Figure 8. Gregory Benedetti - Stand By Cubes 1, 2, & 3

The Future of Puzzles and 3D Printing

Figure 9. Clockwise from top left:
Oleg Smol'yakov - GELO-1234; Ken Irvine - Pink Ivory Ring;
Osanori Yamamoto (arr. Ishino) - Pig Nose 2

When I started collecting mechanical puzzles in earnest a few years ago, I was initially frustrated by the (at best) intermittent availability of even the most essential puzzles in the canon. Puzzle collecting takes patience - and also money: assembling a representative collection of interlocking puzzles requires an investment of many thousands of dollars, a barrier that is prohibitive to many.

3D printing offers a solution to both problems. Most of the puzzles in this blog post used roughly $2 worth of filament (the Stand By Cubes were the most expensive at around $4.50 each, partly because I used costlier "woodfill" filament for the bases). Decent printers are now available in the under-$400 price range. For a relatively modest investment, anyone can now select a puzzle from a vast menu in Puzzle Will Be Played, implement it in puzzlecad in a few minutes, and have a copy ready to play with the next day.

Figure 10. Stewart Coffin - Involute (left); Convolution (right)

In the coming years, 3D printers will become increasingly inexpensive and easy to use, and we can reasonably expect them to become commonplace in the not-too-distant future.

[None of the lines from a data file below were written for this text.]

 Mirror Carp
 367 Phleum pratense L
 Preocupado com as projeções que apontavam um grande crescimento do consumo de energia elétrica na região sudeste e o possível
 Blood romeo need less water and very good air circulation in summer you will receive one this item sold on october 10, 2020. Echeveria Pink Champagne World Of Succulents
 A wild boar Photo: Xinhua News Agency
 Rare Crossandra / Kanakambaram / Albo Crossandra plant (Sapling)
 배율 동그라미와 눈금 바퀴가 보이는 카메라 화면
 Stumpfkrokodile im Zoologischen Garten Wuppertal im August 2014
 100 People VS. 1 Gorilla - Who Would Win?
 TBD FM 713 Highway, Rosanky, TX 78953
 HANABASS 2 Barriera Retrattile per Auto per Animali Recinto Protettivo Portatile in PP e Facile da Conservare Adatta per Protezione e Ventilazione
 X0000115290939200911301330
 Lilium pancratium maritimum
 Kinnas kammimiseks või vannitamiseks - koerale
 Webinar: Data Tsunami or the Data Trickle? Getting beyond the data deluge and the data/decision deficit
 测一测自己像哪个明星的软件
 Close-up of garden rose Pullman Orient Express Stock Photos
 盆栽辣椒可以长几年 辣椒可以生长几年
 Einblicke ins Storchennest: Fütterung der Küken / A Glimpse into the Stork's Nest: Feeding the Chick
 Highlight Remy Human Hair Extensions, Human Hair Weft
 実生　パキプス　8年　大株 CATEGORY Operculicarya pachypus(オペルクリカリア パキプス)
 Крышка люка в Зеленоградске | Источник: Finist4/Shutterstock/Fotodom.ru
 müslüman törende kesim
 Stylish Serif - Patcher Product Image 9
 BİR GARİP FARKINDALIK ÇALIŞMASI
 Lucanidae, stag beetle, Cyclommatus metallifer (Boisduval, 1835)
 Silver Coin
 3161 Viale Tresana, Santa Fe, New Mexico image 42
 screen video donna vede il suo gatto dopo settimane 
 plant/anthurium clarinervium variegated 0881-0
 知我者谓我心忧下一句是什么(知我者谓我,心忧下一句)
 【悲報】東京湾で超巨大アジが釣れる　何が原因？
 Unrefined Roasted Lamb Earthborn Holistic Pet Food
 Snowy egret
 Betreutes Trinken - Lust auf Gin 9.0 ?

The technology has the potential to completely change the equation for puzzle accessibility and availability - to introduce more people to the breadth and ingenuity of puzzle designs, and hopefully, to inspire and enable new designers.

Since acquiring a 3D printer, I've enjoyed acquainting myself with new puzzle designs, many of which would otherwise be difficult for me to obtain. I look forward to more puzzle exploration in the months and years ahead!